:: Instructions to follow ::
The required output is the exact run of lines below that opens at the line with "Timex Legacy Mini" and closes at the line with "Round glass clock Maritime".

:: Records to process ::
*** Begin section ***

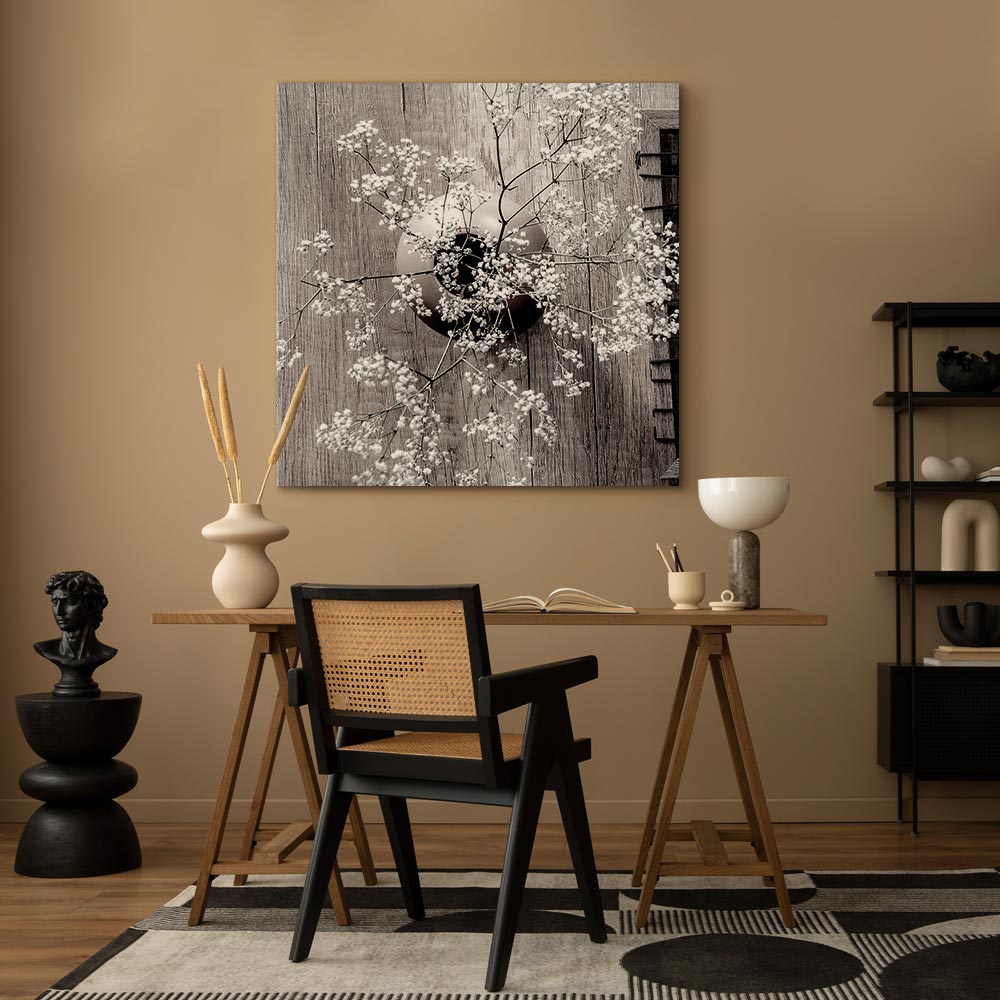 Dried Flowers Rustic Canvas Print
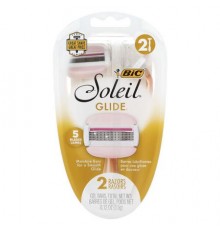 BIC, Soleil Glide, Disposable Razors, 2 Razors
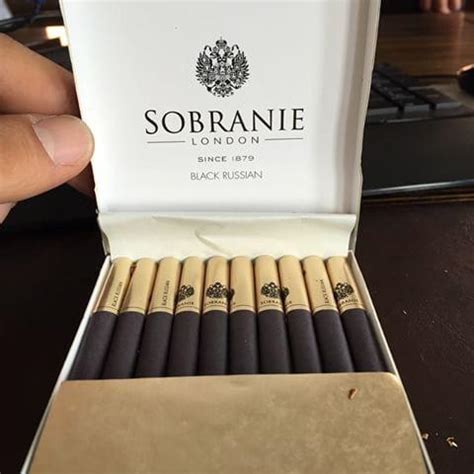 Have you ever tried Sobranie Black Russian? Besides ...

*** End section ***
*** Begin section ***

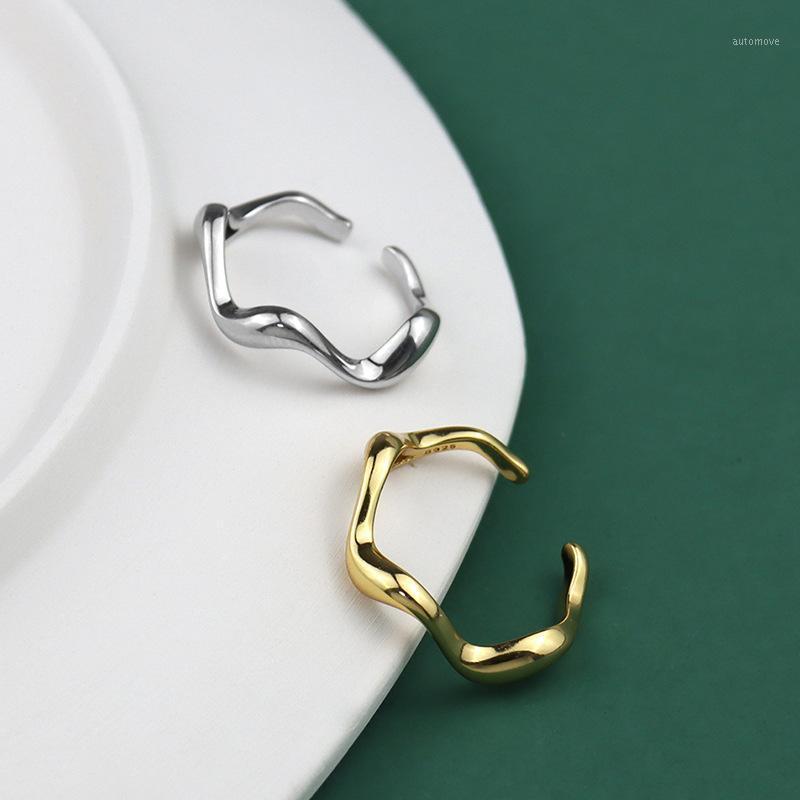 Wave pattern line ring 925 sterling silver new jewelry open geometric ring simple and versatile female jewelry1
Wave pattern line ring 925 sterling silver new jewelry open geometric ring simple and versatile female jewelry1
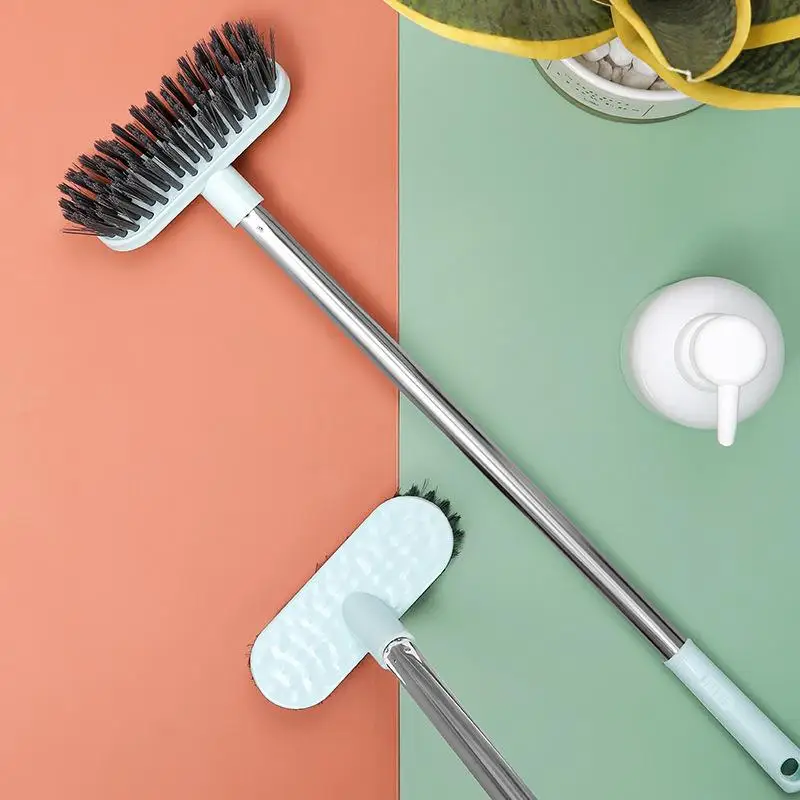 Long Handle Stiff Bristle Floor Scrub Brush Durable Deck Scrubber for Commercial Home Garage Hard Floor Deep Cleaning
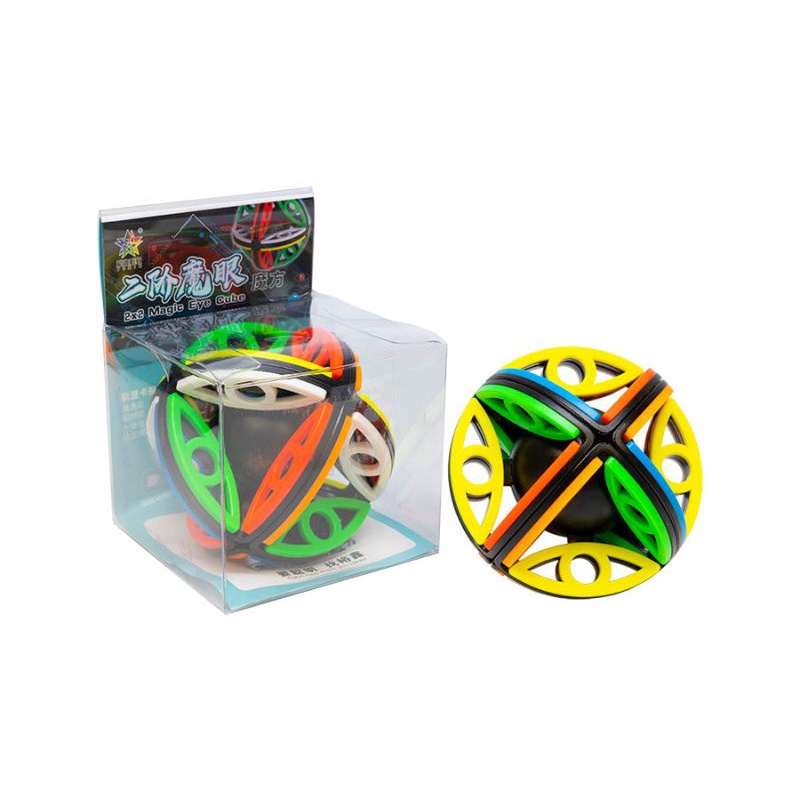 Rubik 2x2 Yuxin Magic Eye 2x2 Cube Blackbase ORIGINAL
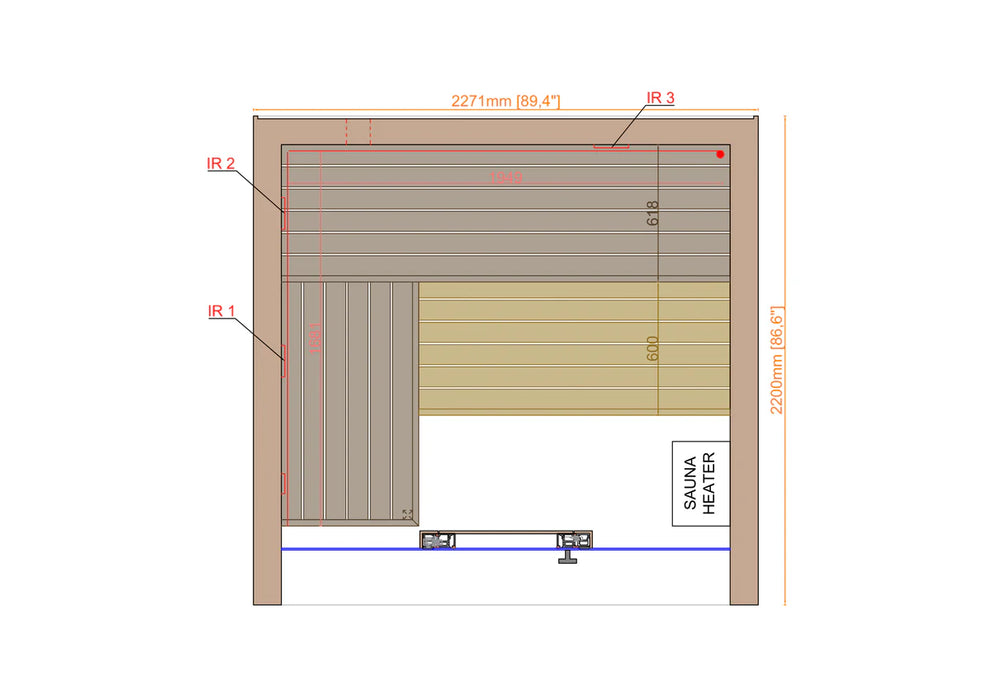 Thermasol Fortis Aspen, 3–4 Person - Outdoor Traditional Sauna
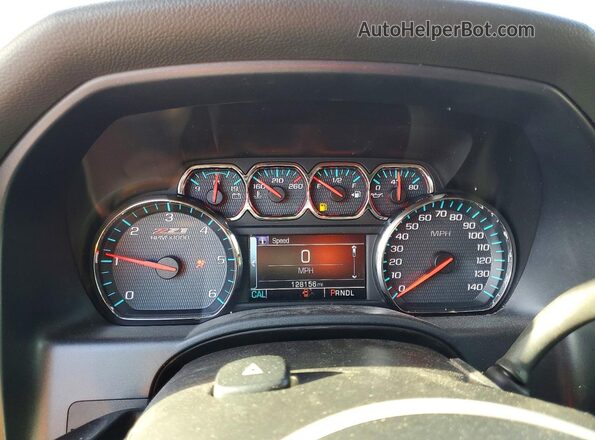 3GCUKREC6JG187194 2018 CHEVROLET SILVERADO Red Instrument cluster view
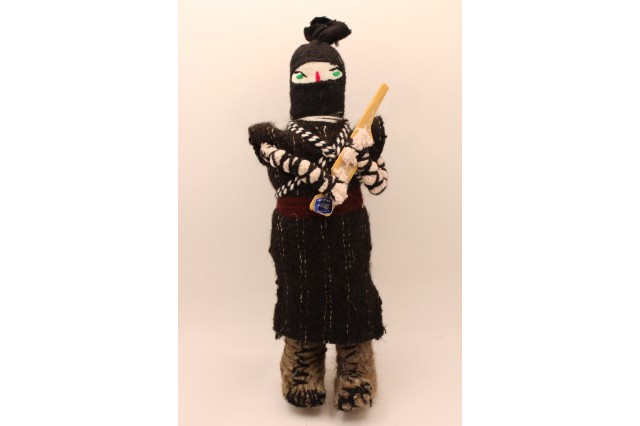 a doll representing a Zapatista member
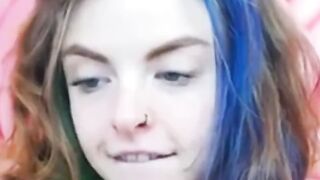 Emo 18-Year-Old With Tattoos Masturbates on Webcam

*** End section ***
*** Begin section ***

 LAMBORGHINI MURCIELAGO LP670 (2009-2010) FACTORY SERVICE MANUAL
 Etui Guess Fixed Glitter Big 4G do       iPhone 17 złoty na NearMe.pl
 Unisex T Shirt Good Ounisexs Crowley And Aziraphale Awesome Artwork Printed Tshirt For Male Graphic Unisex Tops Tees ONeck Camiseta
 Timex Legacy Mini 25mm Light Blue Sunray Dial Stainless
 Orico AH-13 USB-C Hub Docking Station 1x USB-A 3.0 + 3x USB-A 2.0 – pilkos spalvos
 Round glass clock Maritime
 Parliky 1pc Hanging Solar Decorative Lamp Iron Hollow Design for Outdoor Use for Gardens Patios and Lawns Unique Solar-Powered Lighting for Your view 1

*** End section ***

:: Output below ::
 Timex Legacy Mini 25mm Light Blue Sunray Dial Stainless
 Orico AH-13 USB-C Hub Docking Station 1x USB-A 3.0 + 3x USB-A 2.0 – pilkos spalvos
 Round glass clock Maritime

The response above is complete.